Only the lines below between the ones containing "2.To direct children" and "decisive factor for existence", inclusive, are to be reproduced, each exactly as it stands.

**DATA SUPPLIED**
^^^^

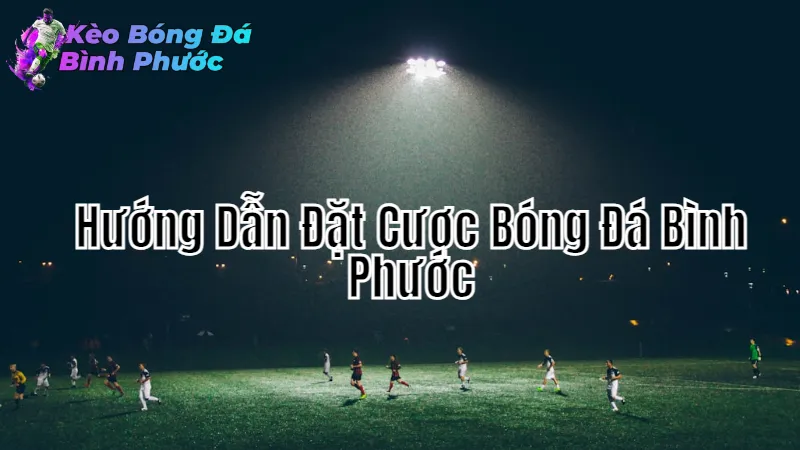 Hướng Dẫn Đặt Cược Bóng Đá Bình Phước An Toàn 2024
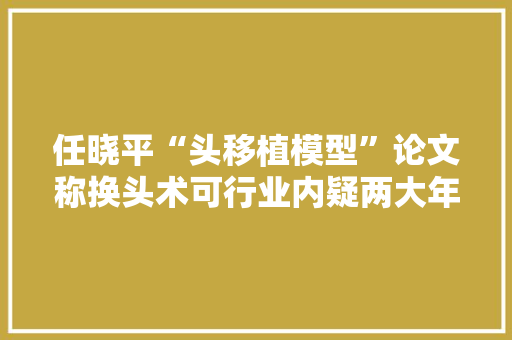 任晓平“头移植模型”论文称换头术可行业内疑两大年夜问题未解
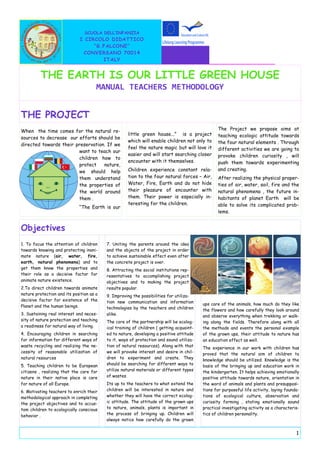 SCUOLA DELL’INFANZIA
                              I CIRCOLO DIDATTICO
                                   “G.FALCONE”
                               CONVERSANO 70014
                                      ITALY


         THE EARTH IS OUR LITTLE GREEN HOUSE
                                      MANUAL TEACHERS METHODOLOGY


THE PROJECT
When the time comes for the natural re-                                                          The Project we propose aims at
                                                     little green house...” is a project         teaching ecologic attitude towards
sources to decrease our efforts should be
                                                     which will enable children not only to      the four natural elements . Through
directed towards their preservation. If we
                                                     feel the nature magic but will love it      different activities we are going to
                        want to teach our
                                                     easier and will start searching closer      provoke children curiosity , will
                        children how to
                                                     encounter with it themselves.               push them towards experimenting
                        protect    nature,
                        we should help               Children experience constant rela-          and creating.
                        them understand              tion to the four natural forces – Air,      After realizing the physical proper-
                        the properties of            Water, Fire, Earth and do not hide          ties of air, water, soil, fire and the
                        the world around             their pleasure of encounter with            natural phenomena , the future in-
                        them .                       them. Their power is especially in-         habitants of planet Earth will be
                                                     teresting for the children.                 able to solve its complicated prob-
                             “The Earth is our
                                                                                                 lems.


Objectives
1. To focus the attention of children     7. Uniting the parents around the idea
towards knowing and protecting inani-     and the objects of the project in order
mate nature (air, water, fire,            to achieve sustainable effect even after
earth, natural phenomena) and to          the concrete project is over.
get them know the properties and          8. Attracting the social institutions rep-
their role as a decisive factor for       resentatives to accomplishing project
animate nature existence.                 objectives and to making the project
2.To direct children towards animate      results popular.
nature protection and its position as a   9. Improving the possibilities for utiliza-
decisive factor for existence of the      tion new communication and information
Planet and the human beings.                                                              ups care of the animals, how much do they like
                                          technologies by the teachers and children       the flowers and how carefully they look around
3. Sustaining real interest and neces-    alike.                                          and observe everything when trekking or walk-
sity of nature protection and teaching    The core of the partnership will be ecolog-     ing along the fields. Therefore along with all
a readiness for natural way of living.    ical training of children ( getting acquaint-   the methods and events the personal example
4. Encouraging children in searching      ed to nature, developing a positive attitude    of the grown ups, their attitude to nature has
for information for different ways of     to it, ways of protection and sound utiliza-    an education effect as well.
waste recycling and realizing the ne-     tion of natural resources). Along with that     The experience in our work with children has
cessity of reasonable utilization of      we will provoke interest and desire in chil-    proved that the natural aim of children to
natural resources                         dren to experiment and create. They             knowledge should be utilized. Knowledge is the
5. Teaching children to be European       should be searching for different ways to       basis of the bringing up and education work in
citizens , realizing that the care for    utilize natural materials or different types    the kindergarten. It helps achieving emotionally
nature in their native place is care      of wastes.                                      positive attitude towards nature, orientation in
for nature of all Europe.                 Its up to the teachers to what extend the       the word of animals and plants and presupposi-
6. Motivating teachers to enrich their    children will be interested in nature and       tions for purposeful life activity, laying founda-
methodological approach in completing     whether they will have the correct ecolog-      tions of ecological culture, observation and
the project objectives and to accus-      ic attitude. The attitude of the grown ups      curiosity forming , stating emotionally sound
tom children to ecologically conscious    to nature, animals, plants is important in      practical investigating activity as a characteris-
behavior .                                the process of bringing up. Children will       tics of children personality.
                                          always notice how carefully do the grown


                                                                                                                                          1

^^^^

**RESPONSE AREA**
2.To direct children towards animate      results popular.
nature protection and its position as a   9. Improving the possibilities for utiliza-
decisive factor for existence of the      tion new communication and information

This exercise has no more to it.